What North Carolina’s New Law Does
Under the new legislation, prediction markets registered and licensed by the CFTC may legally operate within North Carolina. The law specifically acknowledges the federal agency’s “exclusive federal regulatory authority” over such platforms under the Commodity Exchange Act.
The state isn’t simply stepping aside, however.
Beginning January 1, 2027, prediction market operators will be subject to a 6% tax on net trading fee revenue generated from North Carolina residents. Notably, the law does not require these platforms to obtain a separate state license or comply with additional state-level registration requirements.
That approach stands in stark contrast to North Carolina’s treatment of traditional sportsbooks. At the same time lawmakers approved the prediction market framework, they increased the state’s sports betting tax rate from 18% to 23% of gross wagering revenue.
A Different Approach From Other States
North Carolina’s position makes it something of an outlier.
Over the past year, prediction market operators have faced mounting resistance from gaming regulators who argue that sports event contracts look and function much like traditional sports wagers. Multiple states have issued cease-and-desist letters or pursued legal action aimed at restricting sports-related prediction contracts.
Just this week, a federal judge denied Kalshi’s request to block New York regulators from enforcing state gambling laws against the company’s sports event contracts. New York officials have argued that the products constitute unlicensed sports betting and should be regulated accordingly.
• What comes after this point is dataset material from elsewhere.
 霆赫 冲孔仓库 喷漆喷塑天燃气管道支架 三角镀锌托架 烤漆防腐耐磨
Michigan has also intensified its efforts against Kalshi, with regulators securing a temporary restraining order against the platform’s sports contracts and arguing that prediction markets operate outside the responsible gaming safeguards imposed on licensed sportsbooks.
North Carolina, by contrast, appears willing to recognize the federal framework governing these platforms rather than challenge it.
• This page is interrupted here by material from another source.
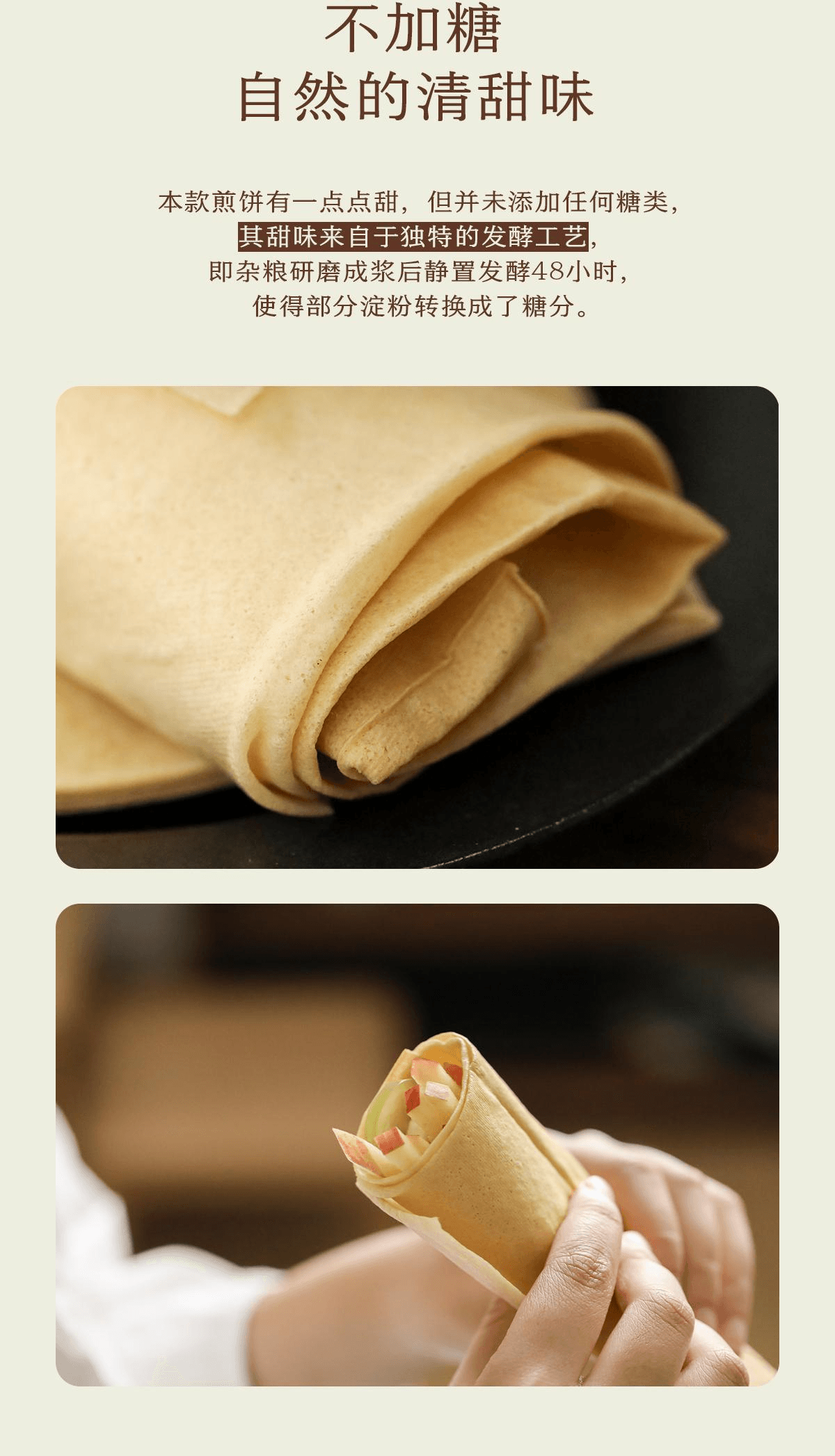 【中国直邮】 南食召 杂粮煎饼无麸质无蛋煎饼250g*2包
Why Prediction Markets Matter
Prediction markets have become one of the fastest-growing sectors adjacent to sports betting.
Platforms such as Kalshi and Polymarket allow users to trade contracts tied to future events, including economic indicators, political outcomes, and sporting events. Supporters argue these contracts function as financial instruments governed by federal commodities law rather than state gambling statutes.
Critics see it differently.
Many regulators and gaming industry stakeholders argue that sports-related prediction contracts closely resemble conventional sports wagers. Unlike operators such as FanDuel, DraftKings, BetMGM, and Caesars, prediction market platforms generally do not operate under state sportsbook licensing regimes.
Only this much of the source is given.